The “rescue” of Pemex, which did not deliver more crude production, nor more revenue for the treasury, cost one trillion pesos, according to IMCO’s estimates, which we have also replicated several times. That brings the tally to 2.5 trillion.
From 2022 to 2024, there was a notable increase in cash transfers, which I believe should be considered part of the election buyout. Before that, López Obrador had eliminated the previous social programs and replaced them with his own (the handouts), but with only a small increase in amounts. Starting in 2022, this changed. The sum over those three years, interestingly enough, comes to another 500 billion pesos. That makes three.

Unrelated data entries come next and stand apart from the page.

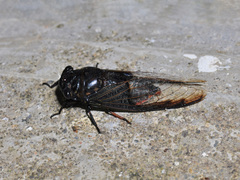 Cryptotympana aquila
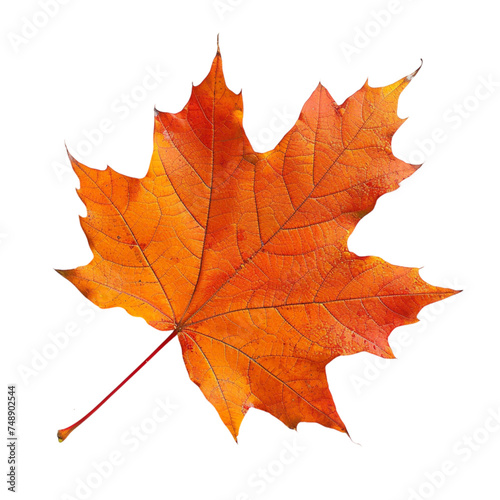 Orange maple leaf isolated white background. With clipping path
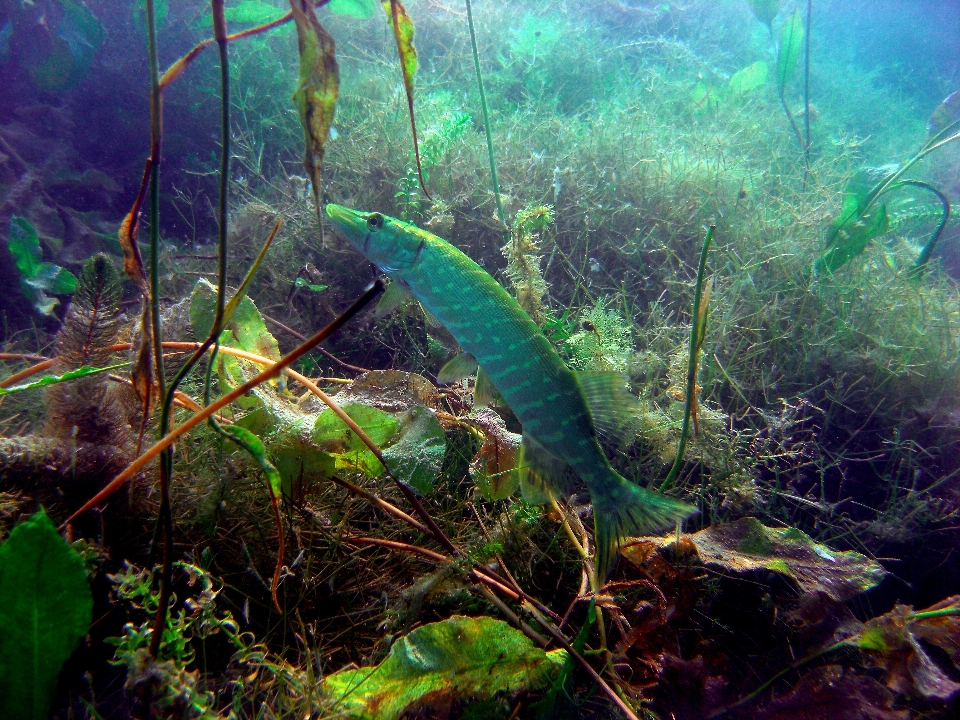 Tauchen unter wasser dschungel biologie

But this increase in debt had to be financed in those years, with rising rates—both due to the tightening cycle to contain inflation and above all due to the government’s greater demand for funds. When you want to borrow more, creditors tend to raise the cost. From 2022 onward, the financial cost has been 1.2 percentage points higher than in prior years. Applied to the accumulated debt, this adds another half trillion pesos through 2024, and another similar amount for the current administration. In total, four trillion pesos is the cost of winning the election.
I thought it was worth clarifying, because it’s a considerable figure, and because there is lasting damage both in the size of the debt and in its cost. We don’t need to exaggerate it.